Network Security Internet Technology Development Database Servers Mobile Phone Android Software Apple Software Computer Software News IT Information

In addition to Weibo, there is also WeChat

Please pay attention

WeChat public account

Shulou

Analysis of Kubernetes CSI implementation of SmartX Super Fusion SMTX OS distributed Block Storage

2025-01-30 Update From: SLTechnology News&Howtos shulou NAV: SLTechnology News&Howtos > Servers >

Share

Shulou(Shulou.com)06/03 Report--

There is no doubt that container and container choreography have become one of the most concerned technologies for IT personnel. According to Gartner survey (1), by 2022, only 10% of CIO have no plans for container use, while 27% of CIO have planned to use containers in production environments.

1. Gartner IOCS 2018 Conference polling results

The original containers are mainly used in stateless applications and do not need persistent storage, but with the more containers are adopted and the powerful automatic management capabilities brought by Kubernetes, more and more stateful applications such as MongoDB, MySQL and PostgreSQL are running on containers, which put forward more requirements and higher requirements for persistent storage.

SmartX distributed block storage (internal code: SMTX ZBS) is independently developed by SmartX. As the core engine of SmartX super-convergence, ZBS has been widely used in private cloud construction, virtualization integration and other scenarios in finance, manufacturing, communications, real estate and other industries to carry user production and development business. Its stability, ease of use and rich storage characteristics have been tested for a long time and have been recognized by a large number of industry leaders.

Recently, SMTX ZBS's CSI driver has been officially added to the official driver list of K8s. Enterprise customers can not only continue to use SMTX ZBS to build private clouds and super-converged systems, but also use it to provide persistent storage for K8s and support stateful applications such as databases, further accelerating the landing of K8s in more scenarios within the enterprise.

Screenshot of Kubernetes official website

The following sections outline the mechanism of CSI and the implementation of the interface between SMTX ZBS and CSI.

Concept and definition

1. Persistent storage support for K8s

In terms of supporting persistent storage, K8s provides a way to connect external common storage systems such as NFS, iSCSI, CephFS, RBD and so on by embedding native Driver to meet the needs of different businesses. However, due to the continuous evolution of the storage ecology itself, using the embedded way of K8s to support the changing storage system will bring great challenges to the K8s project itself in terms of cost and time.

So like other service management systems, K8s gradually separates the specific implementation of the storage system from the main project and allows third-party vendors to access storage services by defining interfaces. We have also gone through two stages on this road:

1. Flex Volume, introduced since version 1.2.

The third-party storage service provider directly deploys Flex Volume-compliant Driver on K8s Server, and uses key API such as mount/unmount/attach/detach exposed by K8s to access the storage system. The main problem with this model is that in this form, the Driver of third-party vendors has access to the root file system of the physical node, which will bring security risks.

2. Container Storage Interface (CSI), introduced since version 1.9, has entered the GA phase (1.13).
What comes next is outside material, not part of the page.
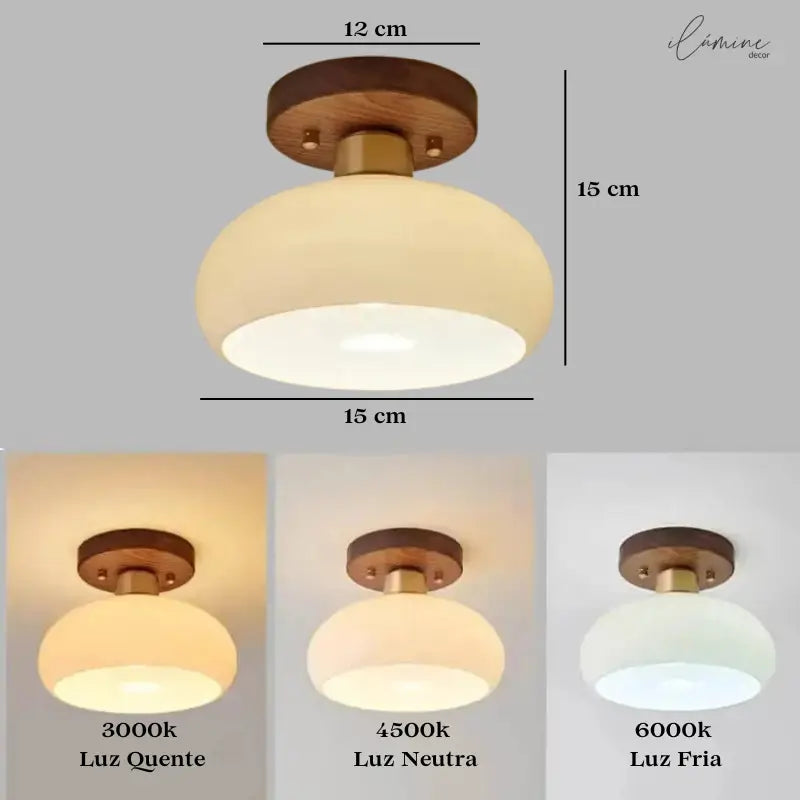 Luminária de Teto Sofisticada Vidro e Madeira - Ilúmine Decor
CSI defines the storage control primitive and complete control flow required by the container scenario, and in the CSI implementation of K8s, all third-party Driver, like other service extensions of K8s, runs in the form of a service container, which will not directly affect the core system stability of K8s.

two。 Storage object

The storage object defined by CSI is a persistent volume, which is called Volume. There are two types:

Mounted File Volume,Node will Mount Volume to Container in the specified file format, and what you can see from Container's point of view is a directory

Raw Block Volume, which directly exposes Volume to Container in the form of Block Device (disk), for some services that can manipulate disk directly, this form can save the overhead of file system and get better performance.

Raw Block Volume is still in the Beta phase, so the process description below and the current implementation of SMTX's CSI Driver are aimed at Mounted File Volume.

3. Plugin

CSI calls a Driver that implements a CSI service Plugin. It is divided into two types depending on the functionality provided:

Controller Plugin, which is responsible for the lifecycle management of storage objects (Volume). Only one is needed in the cluster.

Node Plugin, when necessary, interacts with the node where the container using Volume is located, provides action support such as Volume mount / unmount on the node, and deploys it on each service node if necessary.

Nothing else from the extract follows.